Chicagoland Blacks 8 Times More Likely than Whites to be Imprisoned for Same Drug Offenses
Blacks convicted of low-level drug possession charges in Illinois are far more likely to face prison time than whites convicted of the same offense, a state panel has concluded.
According to the Chicago Sun-Times, the Illinois Disproportionate Justice Impact Study Commission found that 19% of all black defendants in felony drug possession cases in 2005 received prison sentences, while only 4% of white defendants were locked up for the same offenses. The sentencing disparity was worse in Cook County, which includes Chicago, where blacks were eight times more likely to be incarcerated for the same offense as whites.

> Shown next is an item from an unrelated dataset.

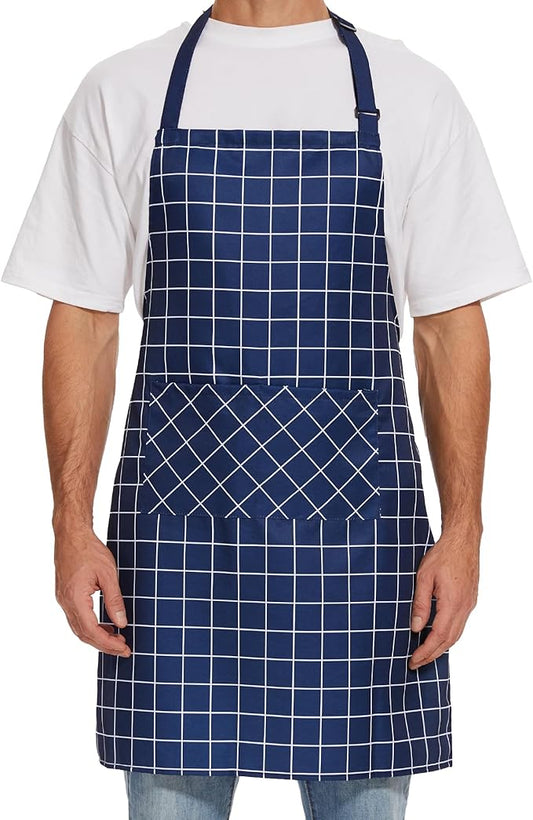 Will Well Kitchen Apron for Men and Women - 33" x 27" Oil-and-Water-Resistant with Adjustable Neck Strap and 38" Waist Ties for a Snug Fit, Lightweight with 2 Front Pockets - 1-Pack, Navy Checkered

Nationwide, the use of illegal drugs is about the same for blacks and whites, at 10.1% for the former and 8.2% for the latter. The Illinois incarceration disparity , which reflects a similar story nationwide, can be explained by a number of factors, including racism. However, according to the Illinois study, economic and education differences, and especially differences in where blacks and whites buy and sell drugs, are the biggest factors behind the sentencing disparity.
Blacks are also more likely to conduct drug sales in public, increasing their likelihood of being busted. More busts lead to more prosecutions.
“It’s always disappointing to know the true facts,” Illinois state senator Mattie Hunter (D-Chicago) told the Sun-Times. Hunter co-chaired the panel that carried out the study.